La gestión de las emociones ha sido un problema central del humanismo, aunque cada época le ha dado distintas formas de manifestación. Consideremos algunos ejemplos:
Los griegos sabían que toda tragedia nace del conflicto entre la desmesura y la templanza. Prometeo, en la obra de Esquilo, lo ejemplifica cuando roba el fuego a los dioses para entregarlo a los hombres y es castigado con un tormento eterno. Su grandeza no radica en evitar el sufrimiento, sino en la firmeza interior con que enfrenta el dolor y la injusticia. La enseñanza es clara: no siempre controlamos lo que nos sucede, pero sí la manera en que gestionamos nuestras emociones ante la adversidad.
A partir de este ejemplo, los pensadores griegos desarrollaron enseñanzas sobre el autocontrol y la fortaleza interior. Los estoicos construyeron filosofías enteras alrededor del dominio de sí mismos: “la ira es una locura temporal”, decían. En Oriente, Confucio situó la armonía emocional como fundamento del orden social.
Cada época ha encontrado sus propias formas de canalizar el sufrimiento: rituales de paso, códigos de honor, tradiciones comunitarias, disciplinas espirituales. La diferencia radical de nuestro tiempo es que se han fragmentado los marcos tradicionales de contención emocional. Las instituciones que durante siglos ofrecieron sentido —como la familia y la comunidad religiosa— se han vaciado de contenido o han desaparecido.

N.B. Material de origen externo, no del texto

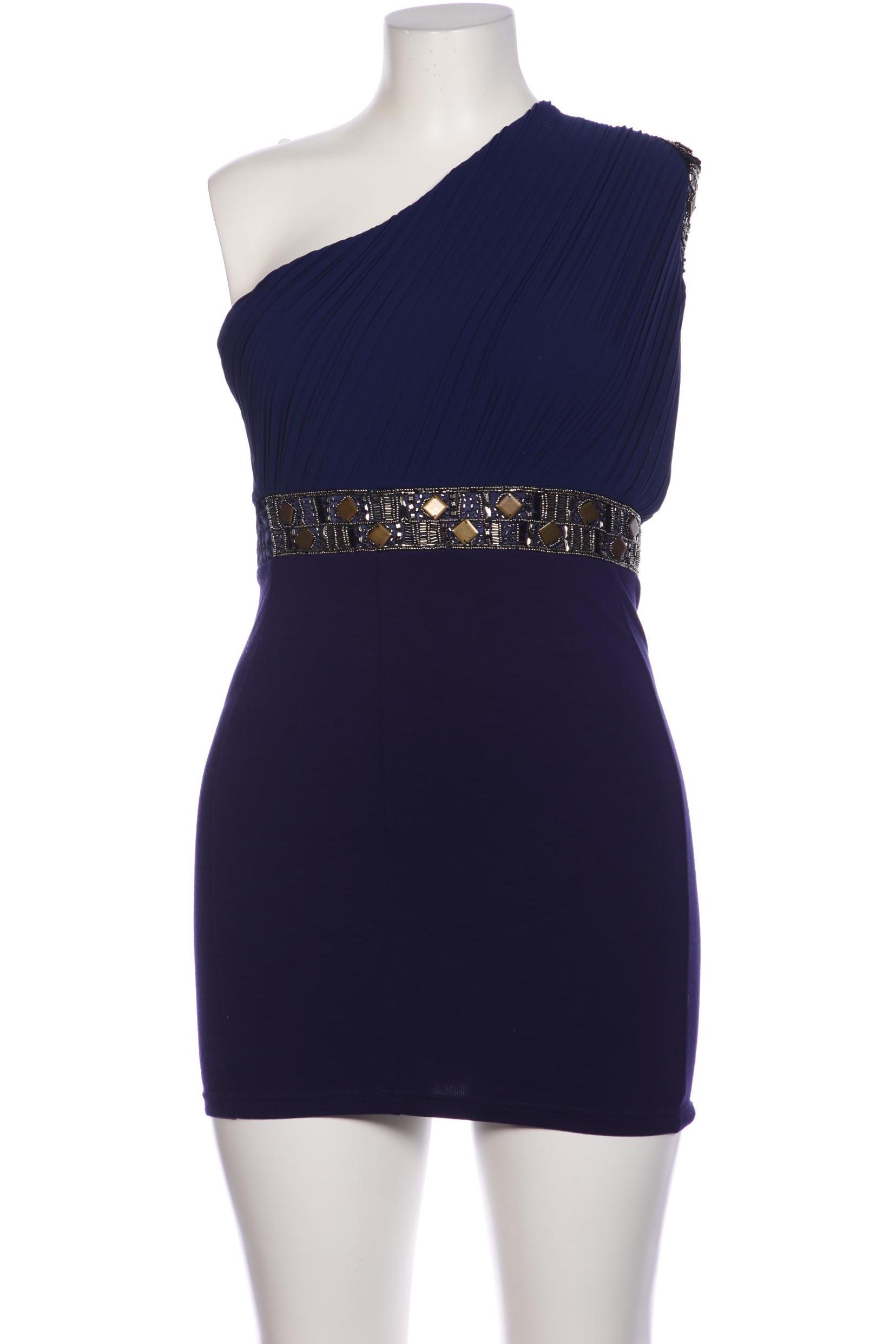 

TFNC Damen Kleid, marineblau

Los jóvenes navegan en un océano de estímulos contradictorios sin brújula moral. Habitamos una soledad hecha de máscaras y silencios, de violencias contenidas que estallan sin aviso.
Los datos de la Organización Mundial de la Salud confirman lo evidente: uno de cada siete adolescentes padece algún trastorno mental. Sin embargo, estas cifras no alcanzan a mostrar la complejidad del problema. La psique juvenil actual se debate entre extremos: hiperconectividad que aísla, sobreinformación que confunde, aceleración que impide la reflexión.
Nuestro sistema educativo, heredero del positivismo decimonónico, privilegia la transmisión de conocimientos técnicos sobre la formación del carácter. Enseñamos álgebra y química, historia y literatura, pero raramente abordamos las preguntas fundamentales: ¿quién soy?, ¿cómo me relaciono con mi dolor?, ¿qué hacer con la rabia?, ¿cómo construir vínculos auténticos?
La educación no puede limitarse a llenar cabezas vacías de información. Debe formar personas capaces de leer tanto el mundo exterior como su propio mundo interior. Esto implica crear espacios donde los jóvenes puedan nombrar sus emociones sin temor al juicio, explorar su identidad sin presiones externas y experimentar la solidaridad como antídoto contra la soledad. Se trata de humanizar la educación, de devolverle su dimensión ética y afectiva, porque la violencia que llega hasta la muerte comienza en la invisibilidad del sufrimiento no reconocido.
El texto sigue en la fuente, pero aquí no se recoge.